Why should we make this happen? Taking inclusive steps fosters sustained impacts long after we grow old.

As CRS Niger’s otherwise very successful Sustained and Emerging Impacts Evaluation of the food security project shows us, there is much room to grow in inclusion of ‘youth’ (up to age 35 in Niger), both by including youth:

· The exodus of youth diminished during and after the project [by] using the same land to train 100 new vegetable farmers and trainers. Youth seasonal outmigration decreased due to increased food production, especially due to vegetable gardening even during the dry season, and increased knowledge of practices such as rainfed agricultural [practices] which kept youth locally employed.“

· Youth, too, having learned [agricultural water-conservation] techniques, and generated income [even] while seasonally working outside the village.

Versus not engaging youth:

· Although most committees are still functioning, there are no processes in place to engage and train youth and new inhabitants of the villages [in project activities after close-out]… … there are serious questions about how well they will be engaged and train youth and new members of the communities and how much will be transferred cross-generationally. This is pivotal given that 50% of Nigeriens are under the age of 15;

· The [sustainability] problem was that [youth] were not elected or chosen for the [management] committees. This is another issue to flag in other projects interested in sustainability: the implications of selecting a limited number of elders to staff multiple committees than a broad array of young committee members that could grow into leadership positions. Given the youth’s overall dissatisfaction with group leadership, other projects need to be aware of “elite capture” and its potential threat to sustainability

Investing in youth is a terrific investment in sustainability. How often do we consider it?

A post-project example from Mercy Corps/ PCI’s early ex-post evaluation in Central Asia showed that such investments are not easy but can pay off after the project closed. “72% of youth report that they continue to use at least one skill they learned during the [infrastructure] program”… including teamwork and communication, sewing, construction, roofing, journalism and cooking.” This may have been in part due to the project’s youth summer camps, organized each year to promote youth leadership and participation in community decision-making, which were supported by [some of] the adult population. While the project “encouraged communities to elect young people as representatives…within the cultural context this was not met enthusiastically by the communities because young people were not felt to be ‘qualified’ as leaders.” Yet inter-generational collaboration was fostered by the project by establishing mentoring programs where older people with technical skills mentored [some] young people during the infrastructural construction activities.”

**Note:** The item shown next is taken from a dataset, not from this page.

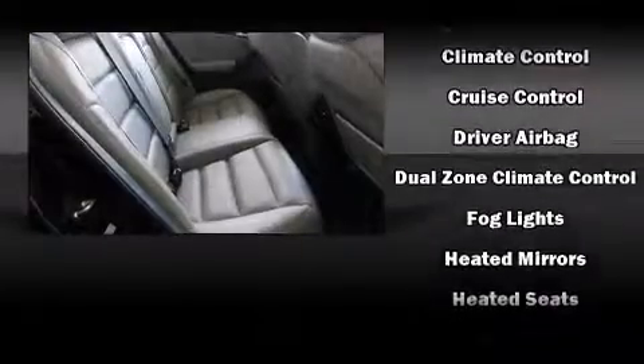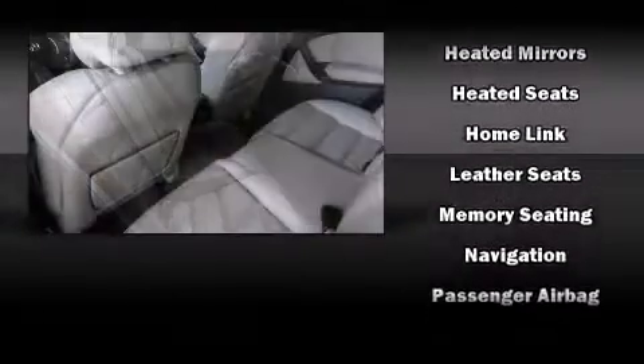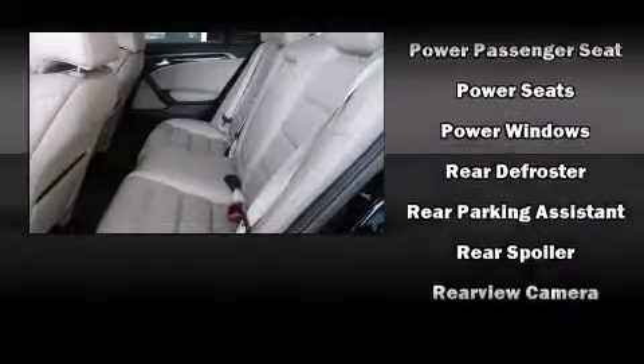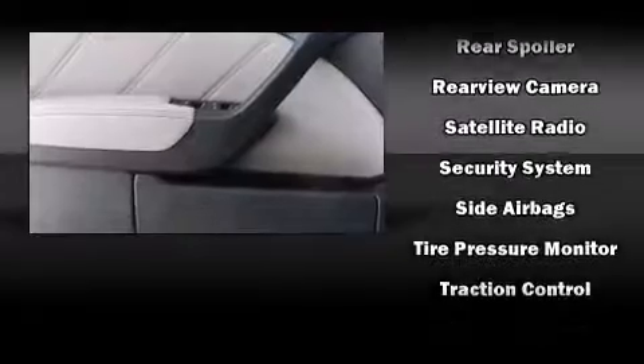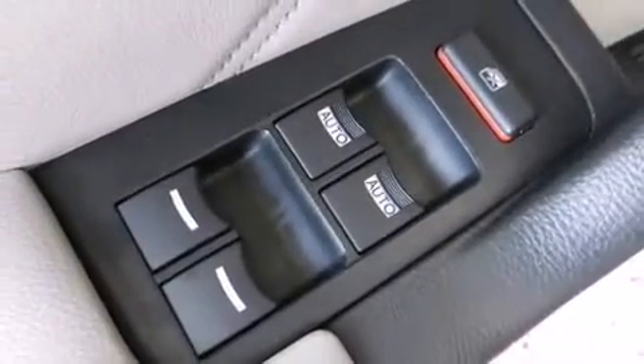A premium sound system drives eight speakers, providing you and your passengers a sensational audio experience. Curtain airbags combined with standard stability control create a comprehensive safety network. A Carfax history report indicates just one previous owner.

Raj Kumar, Founder of Devex and chair for the World Economic Forum said this about what to do post-Davos: “With a dozen years to go before the finish line of the Sustainable Development Goals, we need to get the underlying plumbing right in order to have a chance to reach those goals. That plumbing includes everything from having the country-level data to track progress against the goals to having the project-level data to know what’s working and what’s not…. Most importantly, it’s about the development leaders of today building out the best systems so the development leaders of tomorrow can focus on delivery.”

What we at Valuing Voices are most encouraged by is the prospect of overtly considering sustained impacts to inform the funding, designing, implementing, monitoring and evaluating of projects today for the adult millennials of tomorrow. Regarding youth, we will need a mix of focused initiatives such as longstanding work by the International Youth Foundation, and new investments funds such as the Global Youth Empowerment Fund andintegrating youth into projects at all stages of the projects and beyond, as we showed regarding CRS and Mercy Corps/PCI, above.

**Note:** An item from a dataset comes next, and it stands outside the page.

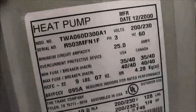And it's a heat pump from 2000, and that one just turned on. Anyways, over and out.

That is one way to get SusROI (Sustainable Return on Investment).

All of us at Valuing Voices are parents. As mother who has worked in 26 countries, I feel the great urge to harness youths’ yearning to succeed through their love of technology. One example is Mercy Corps’ 2017 Social Ventures Fund that supports “positive trends offered by technology. Trends in micro-work, micro-manufacturing, digital livelihoods and mobile-enabled agent networks are paving the way for the acceleration of a distributed and digitally enabled workforce and the reinvention of manufacturing, sales and distribution. Their investments related to youth employment are:

· NewLight Africa — network of rural sales and customer service agents

· Wobe — anyone with an Android phone in Indonesia can be a micro-entrepreneur

· Lynk — job-matching platform

· Sokowatch — network of urban sales and customer service agents

I dream of youth crowd-sourcing post-project sustained impact results.Feedback Labs has a lot of really interesting tools for… feedback from people on the ground in-country. I searched high and low and found only this crowdsourcing data collection overview of three aid research tools for ICT4D (information and communications technology for development), the best of which appears to be Findyr. (FYI here is feedback on the limitations of crowdsourcing in emergencies.)

Also, the ‘impact tracking’ platform by Makerble looked good but who among you have a wider perspective to advise us what’s best?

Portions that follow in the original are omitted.